QIP-17: Storage rent within Qtum-x86

Abstract

This would implement a rent mechanism for all storage consumed in Qtum-x86. The existing EVM infrastructure would be untouched (for now). The rent mechanism would be a somewhat "passive" implementation, requiring no special contract logic in order to be aware of rent, nor to make rent payments on consumed storage. The design would effectively put a cap on the total amount of data a node would need to store, while also putting a cap on the total search space lightweight SPV nodes need to effectively evaluate and interact with smart contracts.

Motivation

Disk space consumption has long been a concerning topic in the blockchain space. There is a fear that any blockchain, especially those with smart contracts and additional state, will inflate beyond the storage capabilities of most computers and servers in as little 10 years. This disk space inflation would then cause centralization of full nodes to only those capable of affording very expensive computers with very large storage arrays.

Specification

The changes to the Qtum-x86 design incurred by this can be broken into 3 parts:

DeltaDB Repropagation and rent behavior
Smart Contract behavior for "sleeping" state
Method of "waking" sleeping state

First, the terms used for different states of.. state

"active" state, this is state that has had an appropriate rent payment keeping it alive and easily accessible on the blockchain
"sleeping" state, this is state which has not had a rent payment in the appropriate period, and can not be directly accessed by smart contracts without being repropagated via transaction
"waking" state, this is the action of restoring sleeping state into active state so that it can once again be accessed directly by smart contracts

DeltaDB Repropagation and Rent Behavior

Every piece of state owned by a contract, including it's own bytecode, has a rent timer denoted by block height. Once this timer elapses to 0, the active state is moved to the sleeping state, and nodes are safe to prune most of the data concerning that state from their internal databases. When a piece of state is accessed or modified an implicit rent payment is made, which is factored into the gas price of the operation. When the rent payment is paid by accessing the data, the piece of state will have it's timer reset to RENT_TERM. There is no method of pre-paying in order for a piece of state to have it's timer set to something larger than RENT_TERM.
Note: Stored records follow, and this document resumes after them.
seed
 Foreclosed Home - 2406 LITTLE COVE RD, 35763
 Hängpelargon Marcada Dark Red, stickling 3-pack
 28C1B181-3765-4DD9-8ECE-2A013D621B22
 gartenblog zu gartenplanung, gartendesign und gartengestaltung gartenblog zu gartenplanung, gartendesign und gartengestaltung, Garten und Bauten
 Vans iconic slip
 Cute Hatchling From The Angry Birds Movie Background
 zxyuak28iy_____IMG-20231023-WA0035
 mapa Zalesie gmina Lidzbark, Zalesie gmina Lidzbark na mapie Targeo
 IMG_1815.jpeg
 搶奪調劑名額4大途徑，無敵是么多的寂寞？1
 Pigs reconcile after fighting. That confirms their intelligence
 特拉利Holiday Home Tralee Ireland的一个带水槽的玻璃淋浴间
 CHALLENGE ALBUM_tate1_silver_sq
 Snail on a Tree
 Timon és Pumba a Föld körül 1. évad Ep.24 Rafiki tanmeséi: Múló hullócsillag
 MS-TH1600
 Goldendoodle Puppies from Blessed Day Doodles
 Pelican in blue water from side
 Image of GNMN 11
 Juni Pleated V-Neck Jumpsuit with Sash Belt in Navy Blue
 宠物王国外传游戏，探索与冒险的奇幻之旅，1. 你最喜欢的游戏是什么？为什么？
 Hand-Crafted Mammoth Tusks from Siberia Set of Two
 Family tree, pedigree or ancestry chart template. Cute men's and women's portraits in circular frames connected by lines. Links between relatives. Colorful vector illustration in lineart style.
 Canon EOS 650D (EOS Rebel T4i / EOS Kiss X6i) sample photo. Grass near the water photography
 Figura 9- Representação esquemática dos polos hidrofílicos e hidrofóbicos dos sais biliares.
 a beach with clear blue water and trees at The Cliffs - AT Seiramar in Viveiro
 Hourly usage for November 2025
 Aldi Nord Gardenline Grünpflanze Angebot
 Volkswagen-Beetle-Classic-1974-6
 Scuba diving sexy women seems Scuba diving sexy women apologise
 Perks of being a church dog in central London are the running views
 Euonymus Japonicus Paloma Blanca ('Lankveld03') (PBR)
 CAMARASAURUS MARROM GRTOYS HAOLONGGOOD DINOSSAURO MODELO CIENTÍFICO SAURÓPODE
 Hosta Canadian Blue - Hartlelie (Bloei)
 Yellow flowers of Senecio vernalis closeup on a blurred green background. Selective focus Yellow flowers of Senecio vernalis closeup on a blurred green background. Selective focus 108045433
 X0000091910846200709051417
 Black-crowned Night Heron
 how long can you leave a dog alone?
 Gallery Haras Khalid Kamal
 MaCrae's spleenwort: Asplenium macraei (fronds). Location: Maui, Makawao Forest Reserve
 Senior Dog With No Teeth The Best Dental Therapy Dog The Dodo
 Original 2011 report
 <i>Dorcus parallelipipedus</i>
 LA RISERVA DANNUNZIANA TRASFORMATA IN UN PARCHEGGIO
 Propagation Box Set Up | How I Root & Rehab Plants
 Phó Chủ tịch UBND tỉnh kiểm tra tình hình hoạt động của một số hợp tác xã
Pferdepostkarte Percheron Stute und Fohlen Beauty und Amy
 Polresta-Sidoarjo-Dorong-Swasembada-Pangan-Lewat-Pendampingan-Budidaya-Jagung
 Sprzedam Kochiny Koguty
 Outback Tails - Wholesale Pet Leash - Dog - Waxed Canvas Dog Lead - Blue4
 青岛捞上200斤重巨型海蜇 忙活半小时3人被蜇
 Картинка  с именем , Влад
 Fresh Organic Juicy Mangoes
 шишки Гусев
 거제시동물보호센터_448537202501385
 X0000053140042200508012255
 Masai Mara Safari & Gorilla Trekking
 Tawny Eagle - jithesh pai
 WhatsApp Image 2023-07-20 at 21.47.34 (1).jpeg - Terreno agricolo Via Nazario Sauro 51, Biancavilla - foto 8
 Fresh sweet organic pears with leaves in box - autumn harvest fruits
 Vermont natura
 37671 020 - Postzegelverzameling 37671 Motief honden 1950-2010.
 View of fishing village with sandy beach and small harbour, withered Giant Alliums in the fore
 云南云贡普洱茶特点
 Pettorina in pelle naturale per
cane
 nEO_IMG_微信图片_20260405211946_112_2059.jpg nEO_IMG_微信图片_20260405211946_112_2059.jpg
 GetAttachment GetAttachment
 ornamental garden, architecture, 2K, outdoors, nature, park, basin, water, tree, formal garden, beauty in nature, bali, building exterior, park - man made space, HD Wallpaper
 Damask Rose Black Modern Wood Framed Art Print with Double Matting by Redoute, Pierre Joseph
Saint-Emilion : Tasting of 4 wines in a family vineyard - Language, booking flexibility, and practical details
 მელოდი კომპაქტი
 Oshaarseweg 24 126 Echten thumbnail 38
With DeltaDB's current consensus model, reading a piece of state (usually) does not involve adding a new delta (state change/notification) to the DeltaDB proof tree. With this storage rent proposal, each state access would cause a "repropagation" of state by submitting a delta to the DeltaDB proof. Although this would have no effect to contracts and even most developers working on the blockchain, this causes a number of side-effects:

SPV (light wallet) nodes can prove when a state's latest rent payment was made
Conversely, it allows for proof that a state and most proofing-overhead can be deleted from the (SPV or full) node's internal databases
SPV nodes can obtain censorship-resistant proofs of state data more quickly, by the most often used data of a contract being propagated more often, less blocks would need to be scanned
Other than the overhead of waking state, this would cause no additional block space consumption, as the DeltaDB proof tree collapses into a single 32 byte hash in the blockheader, and nothing else
With the ability to prove data older than RENT_TERM is no longer needed, the maximum theoretical disk space consumption of the Qtum-x86 blockchain can be greatly reduced, especially when using pruning. With pruning, most waking state transactions will not be required after 500 blocks have passed since their inclusion.
Naturally this would work to limit data being stored by nodes to only what is needed for ongoing consensus. Proofs will always be available in the blockchain, such as for use cases like proof of publishing. However, these proofs are typically added once and only occasionally accessed afterwards, and thus are non-essential for consensus purposes.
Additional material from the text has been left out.